The fmmi from espakm

Fast Matrix Multiplication and Inversion

This project contains an implementation of matrix multiplication and inversion based on the algorithms described in the following article:

https://www.lehigh.edu/~gi02/m242/08linstras.pdf

Underlying data types

Since the algorithm is recursive and it relies on matrix partitioning, it was important that selecting a matrix partition happens at low cost.

The project contains two alternative matrix types:

smatrix
dmatrix

The former implementation provides zero-cost abstraction for selecting a matrix partition. This means that selecting a sub-block of a matrix has absolutely no run-time cost. This comes at the price of reduced flexibility. The size of the original matrix and the partitions to select have to be known at compile time.

The latter type (dmatrix) allows specifying the matrix size using any run-time expression. This allows more flexibility, but it comes at a price that partition selection has a certain run-time cost. For any sub-matrix, a new object needs to be created that stores the memory address of the first (top-left) element of the matrix, along with the height, width and stride of the matrix. The stride is the distance of the matrix rows as stored in the memory. Using this information lets us work with blocks of matrices at their original location, eliminating the need for copying elements to a contiguous memory area.

Not surprisingly, benchmarking showed better performance using smatrix instead of dmatrix.
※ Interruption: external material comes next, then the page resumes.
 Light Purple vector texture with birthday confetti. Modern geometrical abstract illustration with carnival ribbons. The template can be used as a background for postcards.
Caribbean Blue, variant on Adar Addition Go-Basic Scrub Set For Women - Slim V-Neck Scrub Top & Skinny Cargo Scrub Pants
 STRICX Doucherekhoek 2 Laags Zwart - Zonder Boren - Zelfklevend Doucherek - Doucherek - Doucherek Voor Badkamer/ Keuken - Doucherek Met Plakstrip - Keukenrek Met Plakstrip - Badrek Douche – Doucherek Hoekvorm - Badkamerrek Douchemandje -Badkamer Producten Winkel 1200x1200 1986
Differences to the original algorithms

The implementations differ from the algorithms that are described in the referred article, in a couple of ways.

For matrices whose height or width is not a power of 2, the article suggests to add a "padding" of zeros on the right and at the bottom, so that the "padded" matrix is the smallest square matrix whose height and width is the same power of 2. It is shown that this does not alter the results of the multiplication and it does not increase the computation time in terms of algorithmic complexity.
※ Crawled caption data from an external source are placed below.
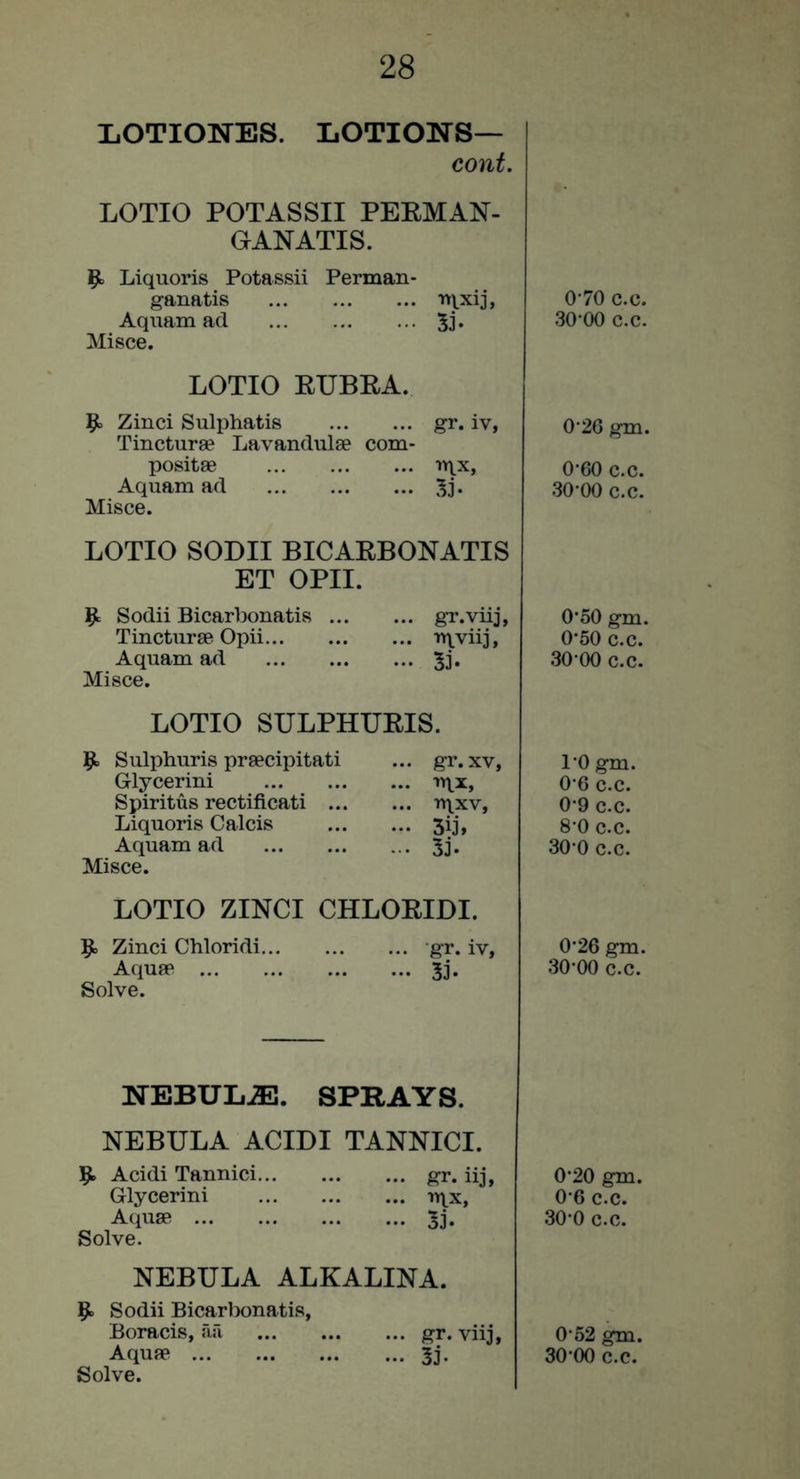 liOTIONES. LOTIONS— cont. LOTIO POTASSII PERMAN- GANATIS. p. Liquoris Potassii Perman- ganatis Aqiiam ad Misce. LOTIO RUBRA. 5^ Zinci Sulphatis gr. iv, Tincturae Lavandulae com- positae n\x, Aquam ad Misce. LOTIO SODII BICARBONATIS ET OPII. 9= Sodii Bicarbonatis gr.viij, Tincturae Opii ‘‘Uviij, Aquam ad 5j. Misce. LOTIO SULPHURIS. 9 Sulphuris praecipitati ... gr. xv, Glycerini Spiritus rectificati ‘‘Uxv, Liquoris Calcis 5ij, Aquam ad 33* Misce. LOTIO ZINCI CHLORIDI. 9 Zinci Chloridi gr. iv, Aquae 3j. Solve. 0 70 c.c. 30*00 c.c. 0*26 gm. 0*60 c.c. 30*00 c.c. 0*50 gm. 0*50 c.c. 30*00 c.c. 1*0 gm. 0*6 c.c. 0*9 c.c. 8*0 c.c. 30*0 c.c. 0*26 gm. 30*00 c.c. NEBULjE. SPRAYS. NEBULA ACIDI TANNICI. 9 Acidi Tannici gr. iij, Glycerini n^x, Aquae 33. Solve. NEBULA ALKALINA. 9 Sodii Bicarbonatis, Boracis, fifi gr. viij, Solve. 0*20 gm. 0*6 c.c. 30*0 c.c. 0*52 gm.
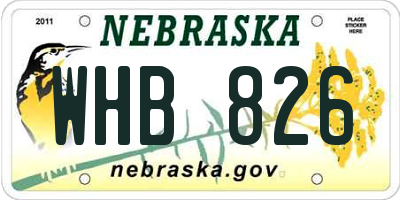 NE license plate WHB826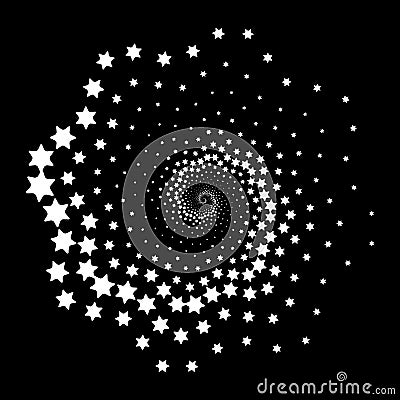 Modern abstract background. Halftone snowflakes in circle form. Round logo. Vector dotted frame. Design element or icon Vector Illustration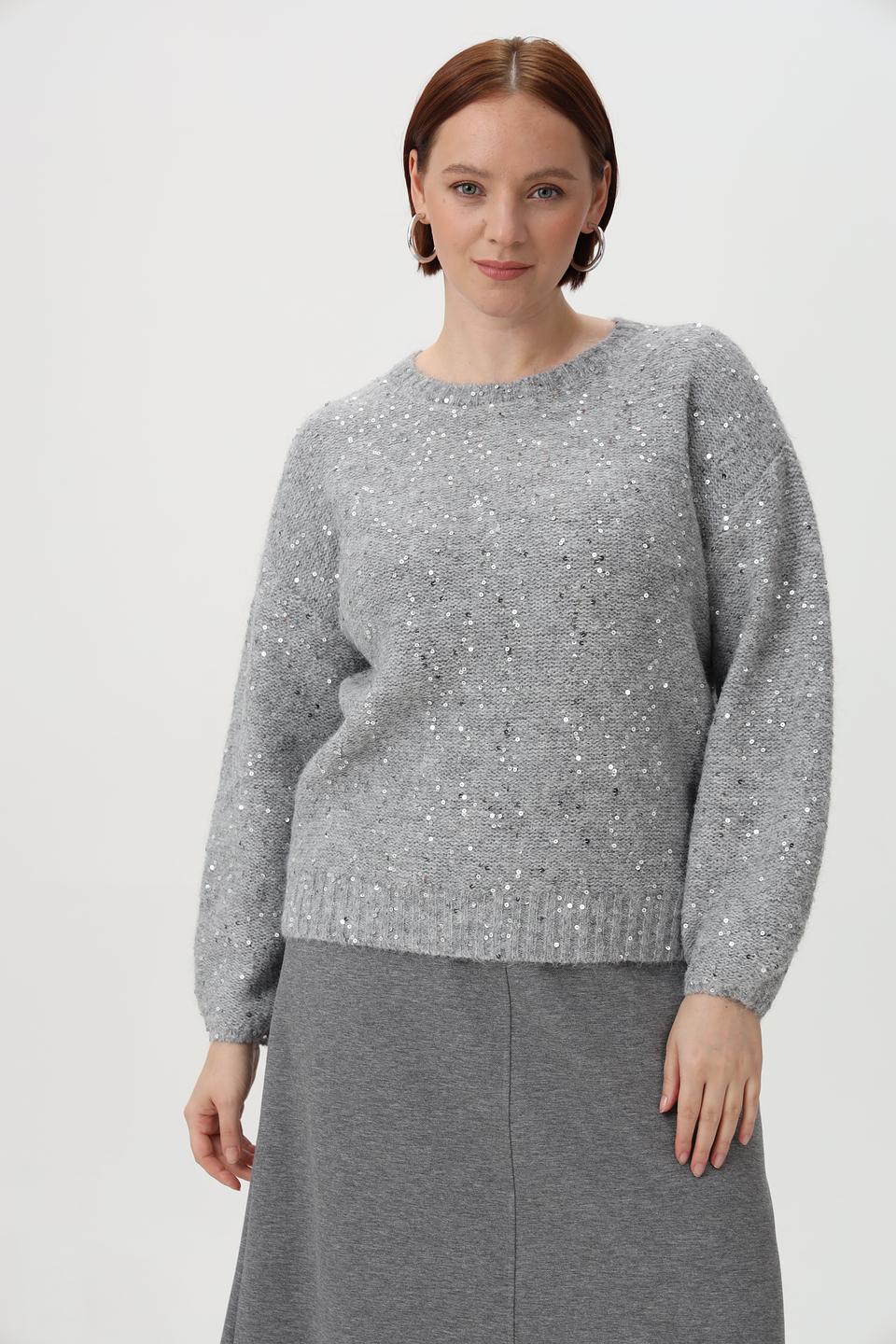 Пуловер Olsen с пайетками серый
In a practical implementation, this padding can be achieved either by allocating a larger space for the matrix and filling up the superseding area with zeros, or by modifying the indexing operator to return zeros when an "outsider" element is referred to. Both solutions have significant run-time costs.
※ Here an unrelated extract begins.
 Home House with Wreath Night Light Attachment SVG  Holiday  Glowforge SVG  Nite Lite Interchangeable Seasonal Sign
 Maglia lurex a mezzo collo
To avoid this extra cost, I chose to partition the matrices for multiplication instead of extending them to the square of power of 2 size, even when the size of the matrix was not divisible by 2. In this case (when the height or width was odd), the first column or row vector of the matrix has been split off, the operation has been applied first on these vectors, then on the other (even sized) partition of the matrix and then the results have been combined.

This implementation performed much faster for (2^n-1)x(2^n-1) sized matrices than for (2^n)x(2^n) sized ones what approves that using padding would have been impractical.

Three implementations are provided for matrix multiplication:

mul(): classic, iterative matrix multiplication algorithm
mul_rec(): recursive matrix multiplication as described in the article, extending the matrix to power of 2 size and filling up with zeros before the recursion starts
mul_rec_part(): recursive matrix multiplication as described above, splitting off left or top vectors from odd-sized matrices.

This method of partitioning has been applied only for the multiplication of odd sized matrices. For matrix inversion, the matrices have been extended with the unity matrix from the bottom right and zeros from the bottom and the right, as suggested by the paper.

The other main difference is related to the matrix inversion algorithm. In the paper an assumption is made that matrix A (whose inverse is to be determined) is symmetric and positive definite. The described algorithm uses this assumption.

However, not every invertible matrix has these properties. For instance, the following matrix is invertible but not symmetric:

So that we can compute the inverse of any invertible matrix, the original blockwise inversion algorithm has been implemented, which the algorithm of the article is based on.

In contrast with the algorithm of the article, the implemented algorithm uses six matrix multiplications and two matrix inversions. (The algorithm of the article makes four matrix multiplications and two matrix inversions.)

The implemented algorithm uses the recursive matrix multiplication algorithm.

For comparison, a classic, iterative algorithm has also been implemented, using Gauss-Jordan elimination.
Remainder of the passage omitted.